Source data
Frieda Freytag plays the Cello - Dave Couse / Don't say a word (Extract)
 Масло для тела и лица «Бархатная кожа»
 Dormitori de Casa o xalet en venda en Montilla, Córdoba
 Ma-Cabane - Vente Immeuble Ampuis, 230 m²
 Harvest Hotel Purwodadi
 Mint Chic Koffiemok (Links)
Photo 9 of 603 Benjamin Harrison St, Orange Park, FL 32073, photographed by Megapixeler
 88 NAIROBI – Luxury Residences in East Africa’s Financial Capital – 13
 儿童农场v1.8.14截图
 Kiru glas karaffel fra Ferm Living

_PROBLEM TO SOLVE_: Take the lines from the one containing "Ma-Cabane - Vente Immeuble Ampuis, 230 m²" through the final line of the entries above, and set them down exactly, with nothing added.

_RESPONSE BOX_:
 Ma-Cabane - Vente Immeuble Ampuis, 230 m²
 Harvest Hotel Purwodadi
 Mint Chic Koffiemok (Links)
Photo 9 of 603 Benjamin Harrison St, Orange Park, FL 32073, photographed by Megapixeler
 88 NAIROBI – Luxury Residences in East Africa’s Financial Capital – 13
 儿童农场v1.8.14截图
 Kiru glas karaffel fra Ferm Living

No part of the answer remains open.